1) I helped her get her room really clean and then we took pictures of it from all angles. I posted the pictures on her bulletin board and when I tell her to clean her room, she is to make it look like it does it the pictures. This tricked has helped the most by far--she has something visual to help her check her progress and figure out what to do next.

2) When she was really little, I finally figured out she didn't know what I meant when I said "clean your room" so I made a list of tasks for her to do in order: 1) put away all the clothes and shoes 2) put away all the books, 3) put away all the dolls 4) put away all the craft supplies 5) make the bed. She loved the check list and focusing on the categories helped her to focus on each smaller task instead of being overwhelmed by the whole big picture.
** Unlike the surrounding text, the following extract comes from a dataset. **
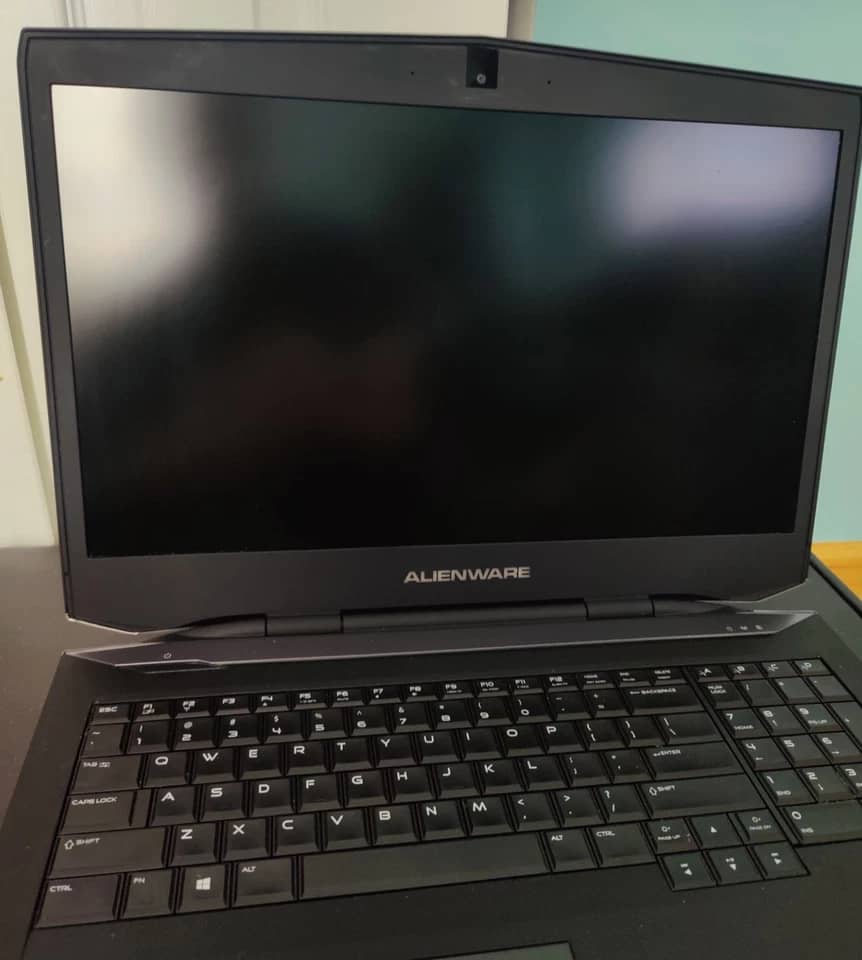 Dell Alienware 17 Computers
3)And this would have been difficult for me but thankfully DH and DD are morning people--she usually has to have her room cleaned up before coming out for breakfast in the morning before school. My DH is the morning/breakfast person and has tons of patience, so this worked really great for both of my kids. I am the one who drives DD to school though and a few times in 6 years, I have actually taken her 5-10 minutes late because she didn't get everything done--I know this won't work for some kids but my DD HATES being late. So, she really learned to organize her time in the morning and also learned that we REALLY meant what we said.

Finally, and I know this wouldn't work with some people's homes--but both of my kids have VERY few toys in their bedrooms--we've always kept most of their toys in our basement family room in built in storage we have there--that way I'm more likely to see what's out and remind them to pick up AND keeping their rooms clean is much easier. They do have books and music in their bedrooms and my daughter had her dolls and my DS had his legos but everything else was downstairs.

Also, since we have a defined space for toys, we've always had a rule that whatever they have has to fit in the toy closet--once that have stuff that won't fit neatly, some stuff has to go--they've always helped decide and that has really helped us keep control of the amount of junk we have.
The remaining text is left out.